DETAILED ACTION
Notice of Pre-AIA or AIA Status
The present application, filed on or after March 16, 2013, is being examined under the first inventor to file provisions of the AIA .
Continued Examination Under 37 CFR 1.114
A request for continued examination under 37 CFR 1.114, including the fee set forth in 37 CFR 1.17(e), was filed in this application after final rejection. Since this application is eligible for continued examination under 37 CFR 1.114, and the fee set forth in 37 CFR 1.17(e) has been timely paid, the finality of the previous Office action has been withdrawn pursuant to 37 CFR 1.114. Applicant's submission filed on 1/20/2026 has been entered.
Claim Status
This Office action is responsive to amendments and remarks filed on 1/20/2026.

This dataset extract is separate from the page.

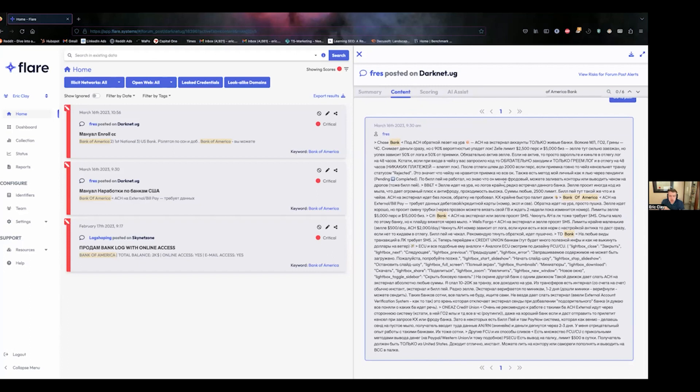You have Russian, you have some random technical data, and it's a very jargon heavy post if you were to actually translate it.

Claims 1, and 3 have been amended.
Claim 2 has been cancelled.
Claims 1 and 3-20 are currently pending of which 17-19 are withdrawn from further consideration.
Response to Amendment
Despite the amendment the objection to Figure 8 is maintained.
Despite the amendment the rejection to claim 3 under §112(b) is maintained.
Response to Arguments
Applicant's arguments filed 1/20/2026 have been fully considered but they are not persuasive.
With regards to the rejection of claim 3 under 35 USC §112(b) the rejection still stands for the following reasons: the amendment “a depth range of about 5 nm from the outer surface of the primary particles in the outermost portion of the secondary particle and facing the surface of the secondary particle” is upheld because it is still unclear.
With regard to the arguments in page 9 that the boron coating layer and the boron doping layer in the instant application are not related to each other or that they are somehow distinct from each other as opposed to the boron layer disclosed by SUN the office would like to direct attention to paragraph [0026] of SUN where “a doping element composed only of B” is disclosed.
The new limitation on amended claim 1 also clarifies how the surfaces face each other is also clearly shown in SUN figure 1a.
Annotated figures 4 from SUN and 5 of the instant application show SEM images of the radial structures and how SUN anticipates the structure of the particle over the instantly claimed particle.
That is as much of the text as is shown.